DeltaLake on EMR
Apologies, if the heading is misleading, because we all know that Databricks and AWS are competing on Data Engineering and Machine Learning space. So, you might be wondering how a Databricks product can get installed on AWS EMR. To clear things in air, this article provides details on how to leverage complete benefits of open source version of Delta Lake on EMR.
Delta lake is an open source storage layer that brings reliability to data lakes by offering core functionalities like 1) ACID Transactions, 2) Versioning and Time Travel, 3) Updates and deletes, 4) Schema Validation. Being a robust storage solution, it has been designed specifically to work with Apache Spark.
Below are the activities that needs to be performed to resume working with Delta Lake on EMR.
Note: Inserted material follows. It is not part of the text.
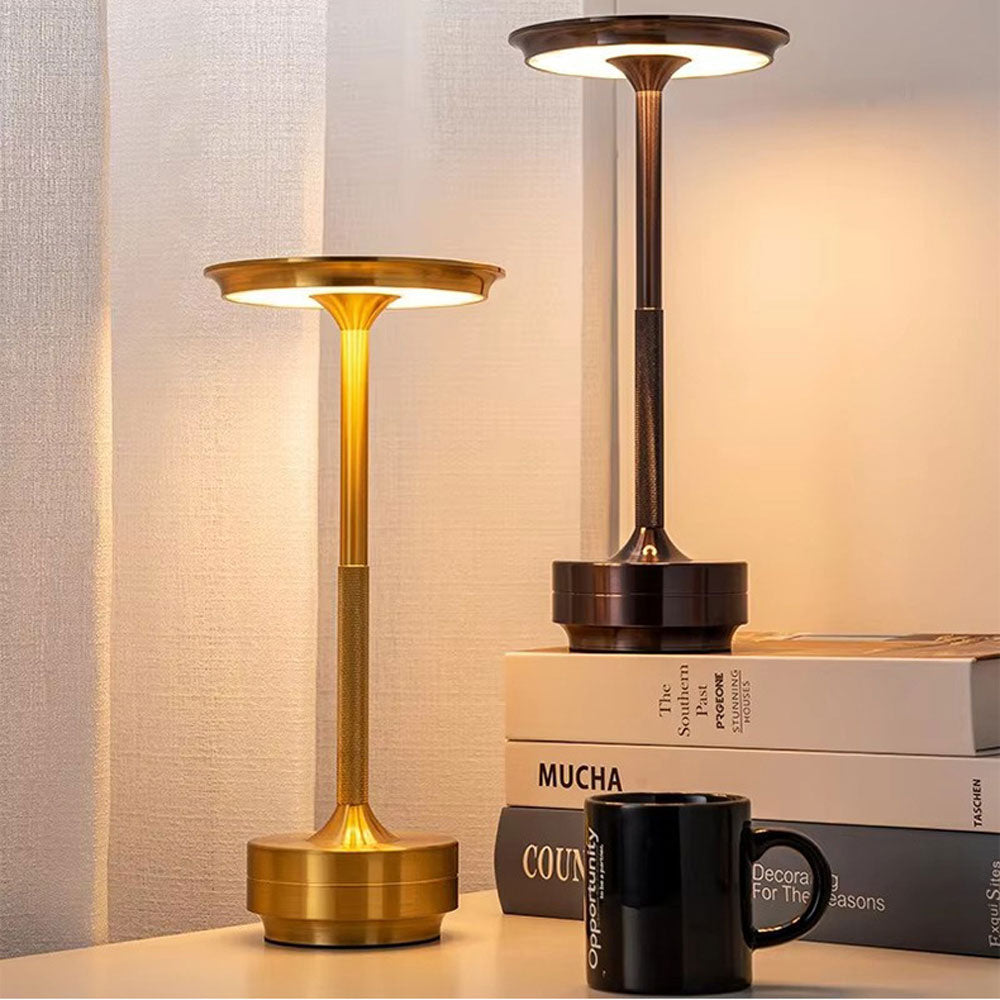 LED Cordless Table Lamp,Modern Wireless Table Lamp Rechargeable, 3 Color Stepless Dimming Night Light Touch Lamps(Black)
- Installation of delta core jar: Like installation of other jars, delta-core_<version>.jar needs to be placed inside the jars folder under Spark home path in master node. For EMR cluster, it’s /usr/lib/spark/jars. This process also can be installed by adding the required code in a script file and executed as an EMR step.
- Required Configurations: The configurations can be set either in spark configurations file in master node (or) added as additional configuration in zeppelin interpreter (in case zeppelin notebook is used as development environment). Below are the two mandatory configurations required to access delta lake functionalities.
spark.sql.extensions=io.delta.sql.DeltaSparkSessionExtension spark.sql.catalog.spark_catalog=org.apache.spark.sql.delta.catalog.DeltaCatalog
3. Optional Configurations: In addition to the above mandatory configurations, depends on the filesystem, below configurations needs to be enabled.
For S3, spark.delta.logStore.class= org.apache.spark.sql.delta.storage.S3SingleDriverLogStore
For HDFS, spark.delta.logStore.class=org.apache.spark.sql.delta.storage.HDFSLogStore
After following aforementioned steps, we should be good to play with the capabilities of Delta Lake.